Chris Findley, a flight instructor and the founder of myFlightCoach.com, has written a great post for the Let’s Go Flying blog about personal minimums. Chris began his post by telling the story of how a student of his once showed up to a training session knowing what the current weather was like but not knowing what the predicted weather was going to be.
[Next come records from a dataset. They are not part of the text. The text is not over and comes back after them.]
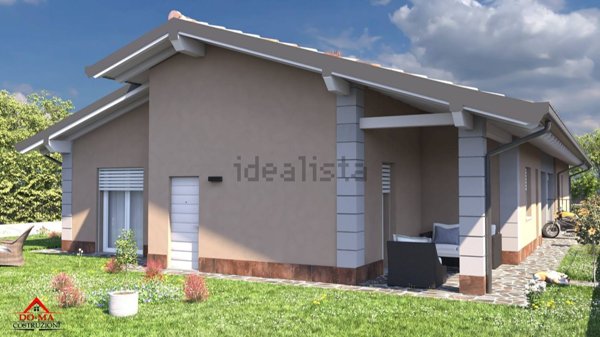 casa indipendente in vendita a Misano di Gera d'Adda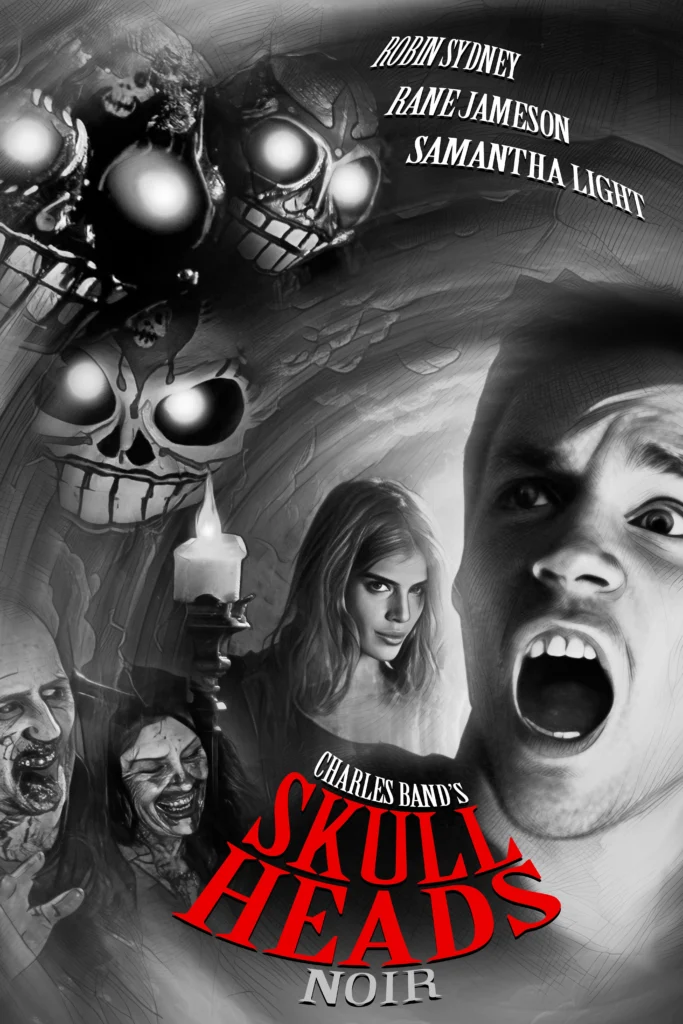 Skull Heads affiche film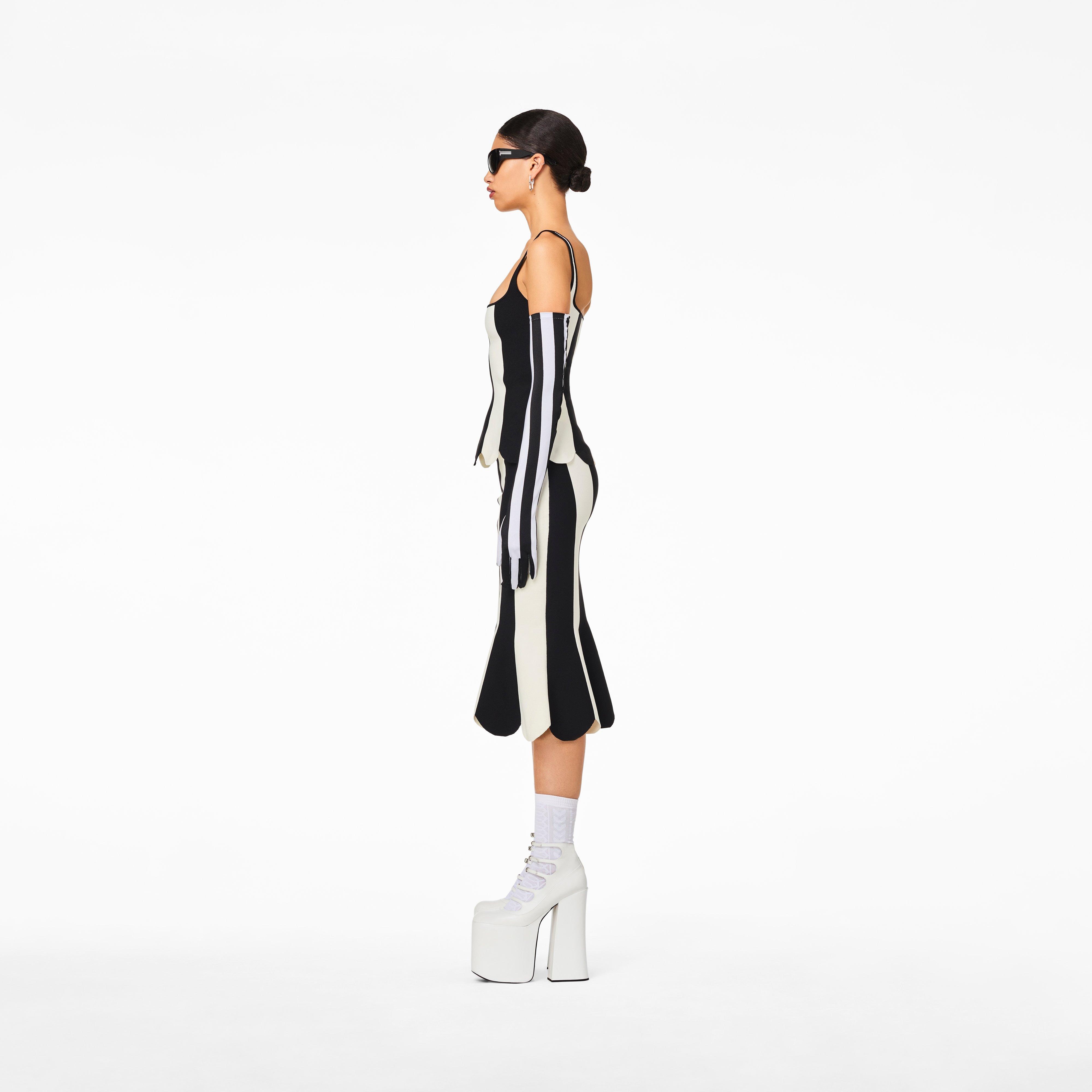 THE SCUBA STRIPE TOP - 3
This led to the discussion about personal minimums and as Chris pointed out:
They are a way for you and I to think through the conditions of a flight and determine, outside the pressure of the moment, what is safe and reasonable for us.
Chris noted that this will obviously be different for each and every pilot and that it will depend on factors such as a pilot’s training, experience, physical condition and health along with atmospheric conditions, aircraft and type of flight. However, he also added that what is most important is that a pilot thinks through these things ahead of time in order to be able to make a good go/no-go decision.
Chris then noted that flight instructor and ATP Darren Smith has written a great personal minimums checklist (which can be downloaded here) broken down into four simple categories:
1.) Pilot: How many takeoffs/landings have you had in the last 90 days? Hours in make/model of aircraft? Are you familiar with the terrain and airspace? Physically, have you been ill or are you taking any medication that might impair your skills? The old “I’M SAFE” acronym comes to mind– Illness, Medication, Stress, Alcohol, Fatigue, Emotion. Have you eaten?
2.) Aircraft: Fuel reserves in place? Experience in type? Aircraft performance- weight, density altitude, performance charts? Equipment on board-functioning properly, updated if necessary, required documents and inspections?
3.) Environment: Wind? Crosswind? Adequate runway? Weather forecast? Ceiling/Visibility?
4.) External Pressures: Alternate plans if you can’t complete the trip by air? Plan if you are delayed? Other pressures to complete the flight?
In the case of one new pilot that Chris knows, his personal minimums checklist is simply:
Wind: X knots headwind, X knots crosswind
Ceiling: X,XXX ft
Visibility: X miles
Thunderstorms:for XX miles
Experience: X Takeoffs and Landings within XX days.
And for him, if these conditions are not present at the time he plans to take off, he remains on the ground.
Chris ended his post by saying that personal minimums give pilots a framework for making both good and solid decisions and then he mentioned an old adage well worth repeating again:
Better to be on the ground wishing you were in the air, than to be in the air wishing you were on the ground.